Recent calls for a more expansive vision of ‘global IR’ provide a vehicle to explore these histories.Footnote 7 Yet in its treatment of disciplinary history, global IR scholarship has often favoured a substantialist ontology, preventing a more expansive understanding of the global entanglements that produced disciplinary knowledge. Essentialist narratives of national ‘schools’ of IR (British, American, Japanese, Indian, Chinese, etc.) present a methodologically nationalist framework that encourages ‘epistemic mapping’ and orientalist tropes of epistemic difference.Footnote 8 Where global connections are explored, these have often revolved around analytical bifurcations between ‘West’ and ‘non-West’, ‘centre’ and ‘periphery’, or ‘metropolitan’ and ‘colonial’ spaces. These categories are not, in essence, ‘wrong’; they serve an analytical and heuristic purpose.Footnote 9 Yet when essentialist tropes such as national signifiers, cultural zones, or regions become reified or homogenized, they cultivate the idea that categories of knowledge operate in silos, impermeable to traditions elsewhere. Where these traditions do travel, substantialist ontologies encourage a diffusionist account of knowledge percolating from a ‘knowing’ place of origin to an ‘unknowing’ destination (and failing to do so in reverse). Frequently, the ‘core’ (generally the ‘West’) is represented the originator of disciplinary practice now spreading to the ‘periphery’ (i.e. the ‘non-West’).

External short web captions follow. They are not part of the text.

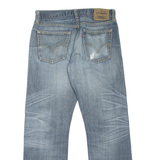 LEVI'S 514 Jeans Mens Blue Slim Straight Stone Wash W32 L30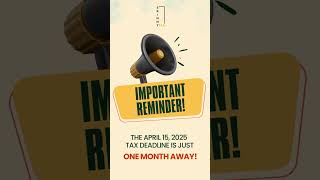 2025 Tax Filing Deadline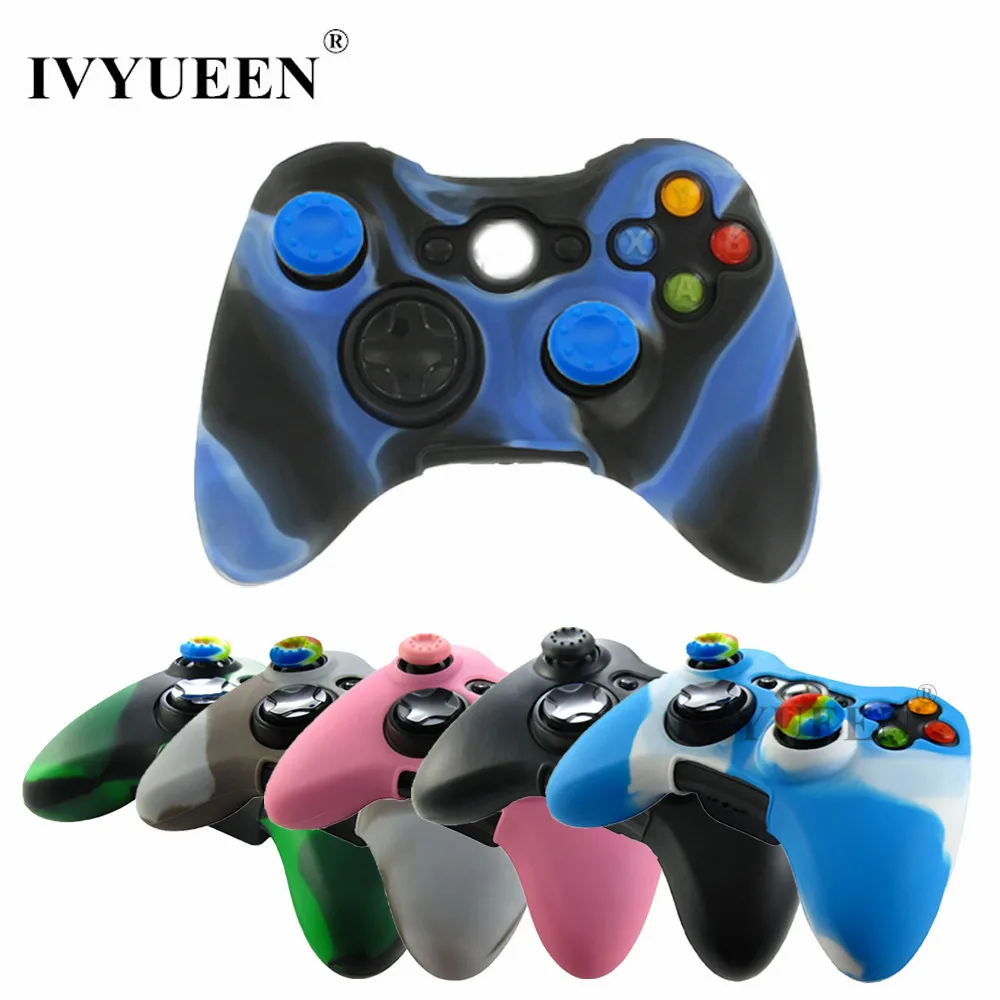 IVYUEEN силиконовый защитный чехол для microsoft Xbox 360 беспроводной/проводной контроллер+ палочки для большого пальца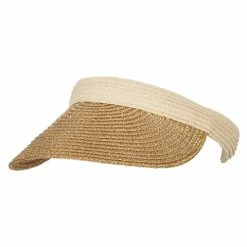 Something Special Paper Straw And Metallic Braid Clip On Visor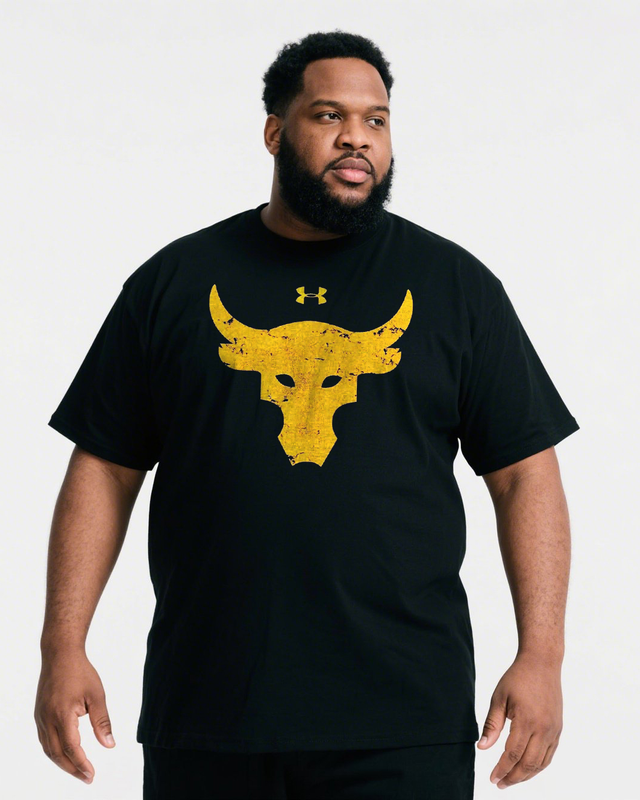 UNDER ARMOUR - Project Rock Men's 100% Cotton Big & Tall T-Shirt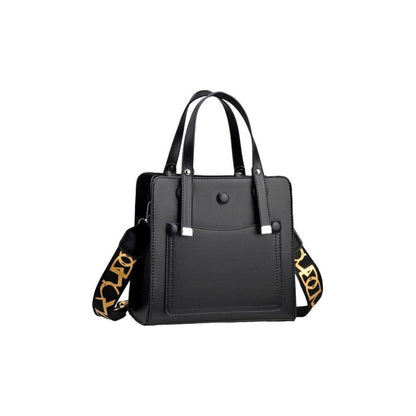 Cartera De Dama Bolso De Mano Para Mujeres Correa Ajustable Negro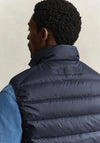 Gant Light Down Gilet, Navy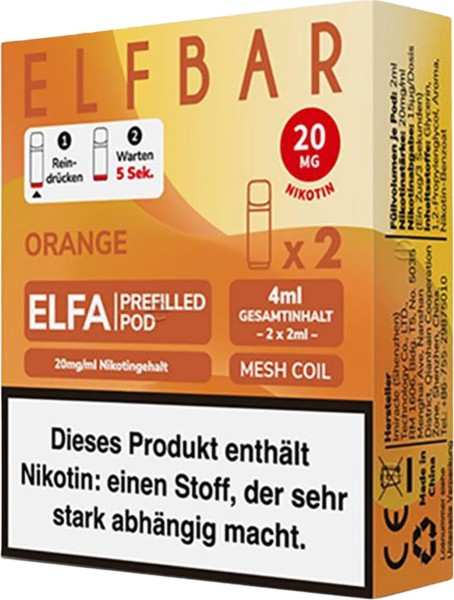 ELFBAR ELFA PODS-ORANGE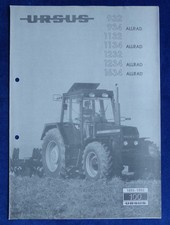 239) Ursus Traktoren 932 1134 1634 Technische Daten - Prospekt Brochure 1993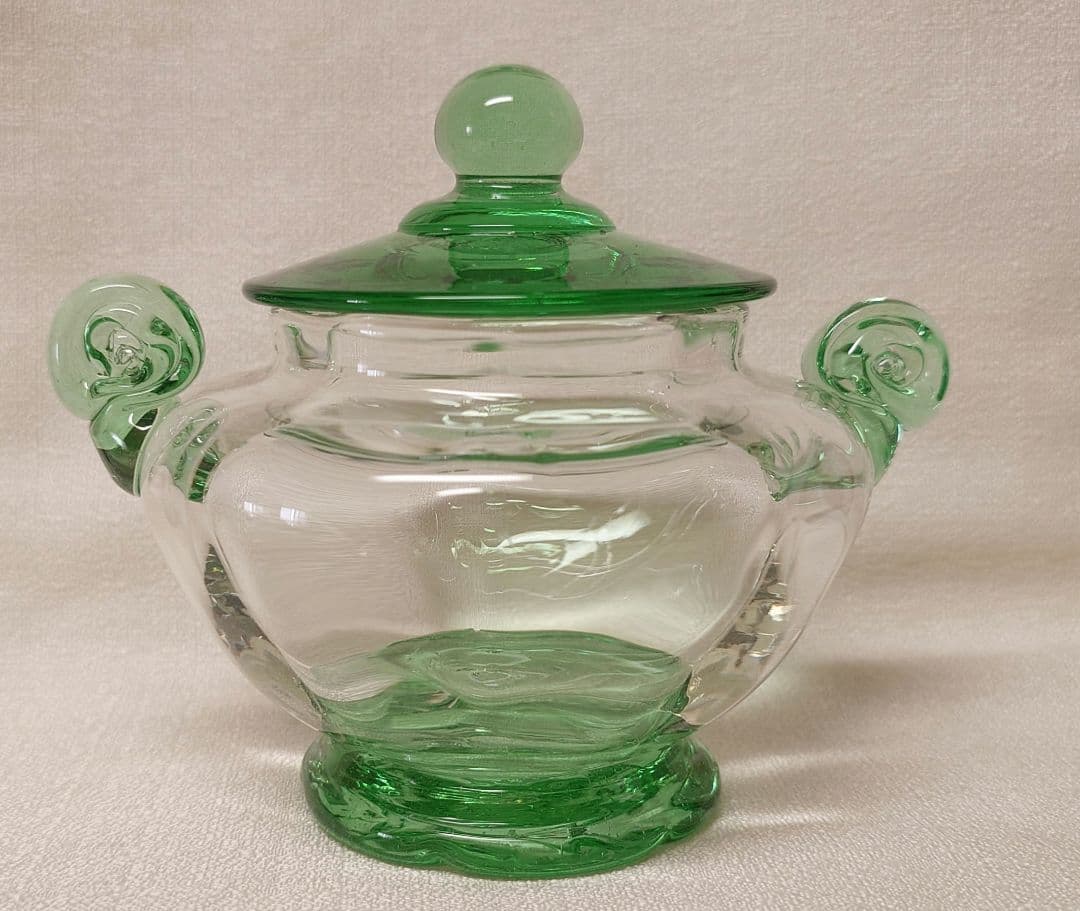 ガラス レトロ キャンディポット キャニスター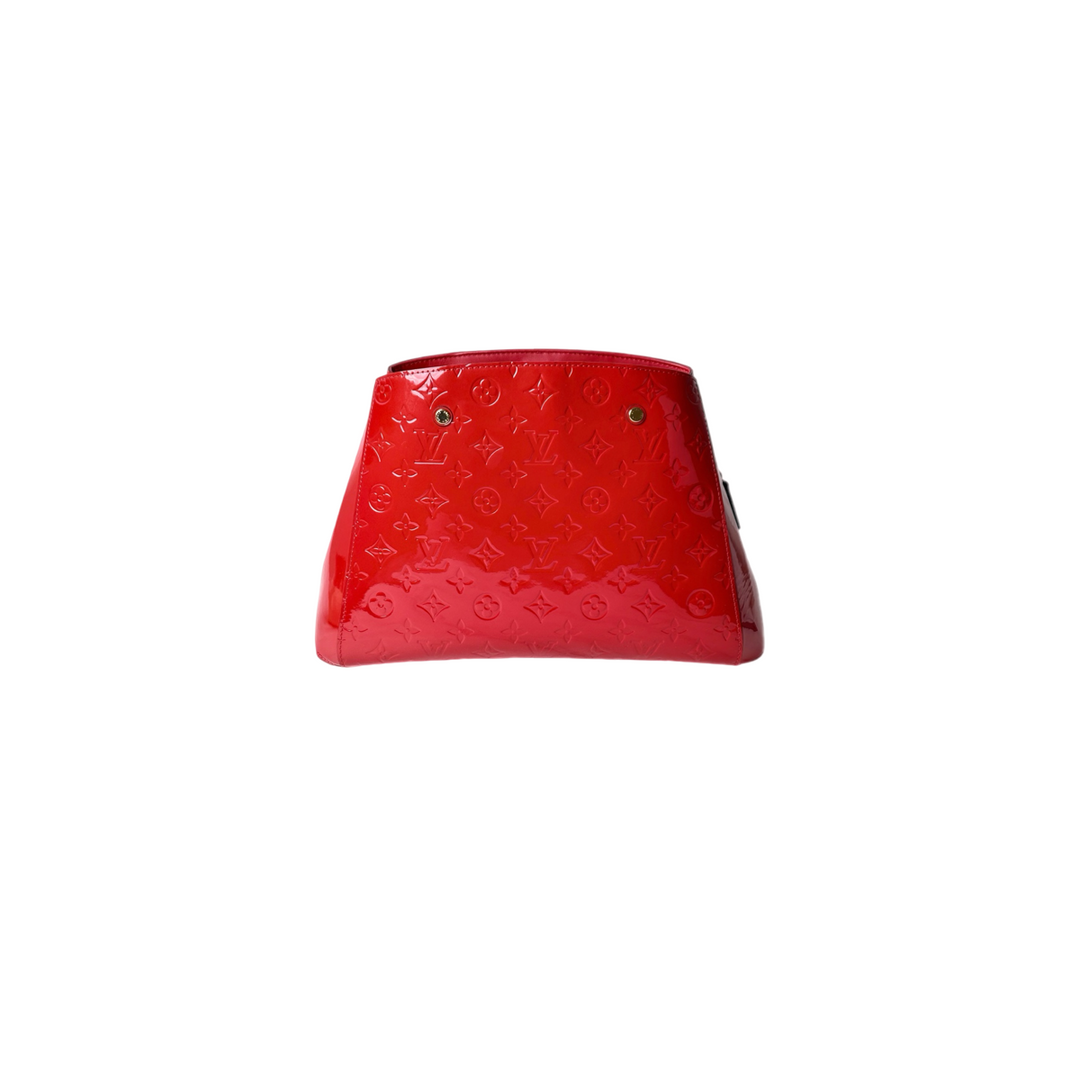 Louis Vuitton Montaigne MM Red Patent Leather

The West becomes a ‘centre of calculation’, producing ‘enlightened’ rational knowledge, with the non-West a purveyor of esoteric traditions and sacral forms, or otherwise in a state of ‘catching up’.Footnote 10

Substantialist analysis also permits intellectual boundary policing entailing limitations over what counts as acceptable disciplinary knowledge – including theoretical knowledgeFootnote 11 – obscuring alternative traditions and separating out knowledge practices contained within the field. Useful here is Duncan Bell's heuristic (as opposed to ontological) distinction between knowledge practices and knowledge complexes.Footnote 12 Understanding the modern social sciences, Bell reminds us, requires attention to both. Hard distinctions drawn between international thought and the formal discipline of IR, or between scholarly practices and the ‘real world’ of IR, naturalize and render transhistorical the historically evolving set of knowledge practices that constitute the field, overlooking their assemblage within wider knowledge complexes.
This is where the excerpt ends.